A barrister and political maverick who left UKIP over its immigration stance, forging an independent path focused on pragmatic migration policy.
Steven Woolfe's political journey is a story of ideological friction and intellectual independence. A barrister by training, he rose within the UK Independence Party (UKIP) and was elected as an MEP for North West England in 2014. However, Woolfe was never a comfortable fit for the party's harder edges. His breaking point came in 2016, not over Europe, but over immigration. He publicly criticized UKIP's approach as 'overly negative' and resigned, continuing his term as an independent. This move defined him as a figure more interested in policy substance than party loyalty. Since leaving frontline politics, he has directed his energy into think tank work, examining migration through an economic lens at the Centre for Migration & Economic Prosperity, arguing for systems based on contribution and prosperity rather than pure restriction.
1965–1980
The latchkey kids. Raised during divorce, recession, and the end of the Cold War. Skeptical, self-reliant, media-literate. They invented indie culture, grunge, and the early internet — then watched the Boomers take credit.
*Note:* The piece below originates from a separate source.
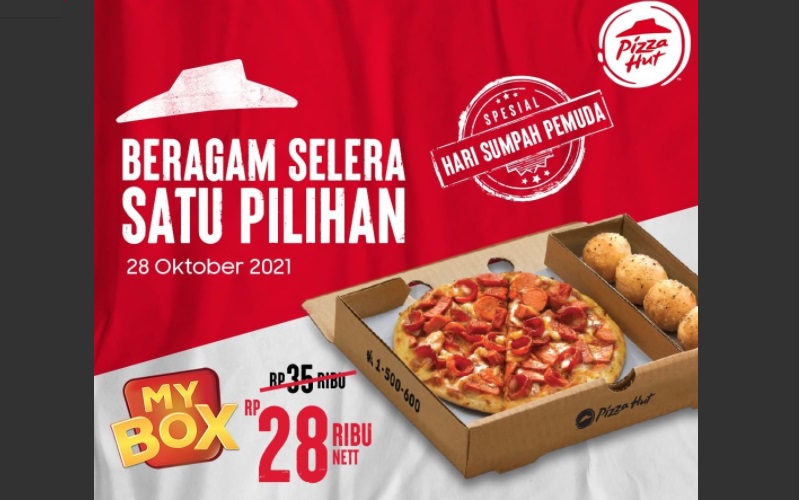 Promo Hari Sumpah Pemuda yang digelar oleh Pizza Hut - Pizza Hut Indonesia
Steven was born in 1967, placing them squarely in the Generation X. The events that shaped this generation — economic uncertainty, the end of the Cold War, and the rise of personal computing — shaped the world they entered and the choices available to them.
The biggest hits of 1967
#1 Movie
The Jungle Book
Best Picture
In the Heat of the Night
#1 TV Show
The Andy Griffith Show
The world at every milestone
Summer of Love in San Francisco; first Super Bowl
Watergate break-in; last Apollo Moon mission
John Lennon shot and killed in New York
Internet adopts TCP/IP, creating the modern internet
Live Aid concerts raise money for Ethiopian famine
Pan Am Flight 103 bombed over Lockerbie
Princess Diana dies in Paris car crash; Harry Potter published
iPhone released; Great Recession begins
#MeToo movement; solar eclipse crosses the US
He was involved in a physical altercation with a fellow UKIP MEP in 2016, which led to his hospitalization.
Before politics, he had a career in finance as an investment banker.
He is of Irish and Maltese descent.
“The law must serve the people, not the other way around.”